Apollo 17: LROC NAC DTM and LOLA ground tracks.

In June 2009 the Lunar Reconnaissance Orbiter (LRO) was launched by NASA to prepare for future robotic and human missions. LRO's objectives are to globally map the Moon, to identify potential resources, and to characterize the radiation environment. The research staff of the department of Planetary Geodesy of the TU Berlin is participating in the scientific analysis of the LOLA laser altimeter and the LROC image data.

To improve LOLA's relative accuracy a co-registration program was developed within this study, which significantly minimizes the influence of LRO's positional errors on derived LOLA ground tracks. Similar to the so-called crossover method, here, the individual LOLA tracks are registered to each other in an iterative process. Large-area and adjusted Digital Terrain Models (DTMs) (20 m/pixel) of the lunar poles are generated and used to create roughness-, slope- and illumination maps to facilitate landing site selection.

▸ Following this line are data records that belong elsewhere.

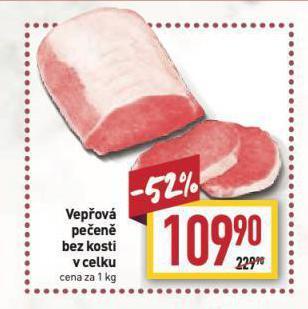 Billa Vepřová pečeně nabídka
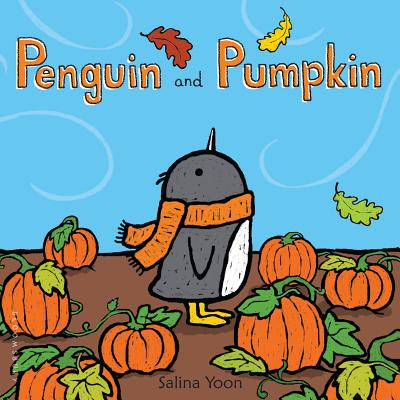 Penguin and Pumpkin By Salina Yoon Cover Image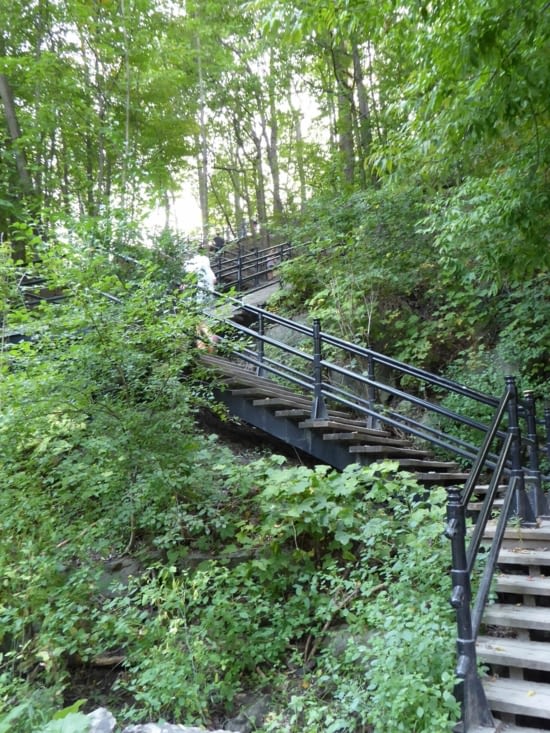 Le Bélvedere, ça se mérite !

High-resolution 0.5 m/pixel images of the Lunar Reconnaissance Orbiter Narrow Angle Camera (LROC NAC) are photogrammetrically processed to derive DTMs (2 m/pixel). Modified software, which was developed at the German Aerospace Center (DLR) for Mars Expres HRSC applications, is used for data processing. To improve the accuracy of the DTMs photogrammetric block adjustments are implemented and evaluated within this study. By integrating (co-registered) LOLA ground tracks to the bundle adjustment and by the combined analysis of image and laser altimeter data not only the DTMs' absolute positional accuracy will be enhanced, but it will also improve our knowledge of LRO's trajectory and its pointing.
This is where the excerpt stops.